The U.K. is a firm ally of Canada’s and will work alongside you, both inside and outside the WTO, to resolve those disputes with third parties that threaten our mutual prosperity. In the future, the best model to defend that prosperity will be based not on territorial groupings, but on alliances of those nations that are committed to free, fair and open trade. There are thousands of transatlantic projects that make it vital for both our countries to advance this agenda, ranging from such large firms as Rolls Royce, boasting four facilities in Ontario alone, to small companies like Arrugio, a U.K. firm that recently set up its first Toronto office to tap into the city’s expertise in driverless vehicles.
These firms are part of a transatlantic network of high-tech trade and investment that will help to secure jobs and prosperity for the future. To thrive, they will need a strong alliance for free trade between what are the world’s fifth- and tenth-largest economies.

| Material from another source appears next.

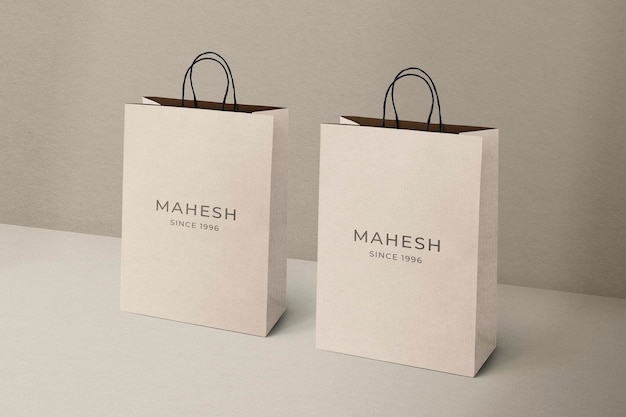 Maquette de sac à acheter en papier dans un style minimal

This builds on our bonds of friendship, our shared values as well as the unprecedented co-operation between our two governments, highlighted by the agreement last September between our countries’ prime ministers, Theresa May and Justin Trudeau, for a seamless transition to a new bilateral trading agreement after the U.K. exits the European Union.
For the first time in four decades, the U.K. will be able to pursue an independent trade policy, allowing us to renew and strengthen our relationship with key allies like Canada. This opportunity — and the information revolution that continues to reduce the geographical barriers between us — gives Canada and the U.K. the chance to build a unique partnership, standing shoulder to shoulder in an uncertain world and defending our prosperity against the siren song of protectionism.
With a strong alliance, new technology and bold leadership, Canada and the U.K. can work together as never before to build a better world.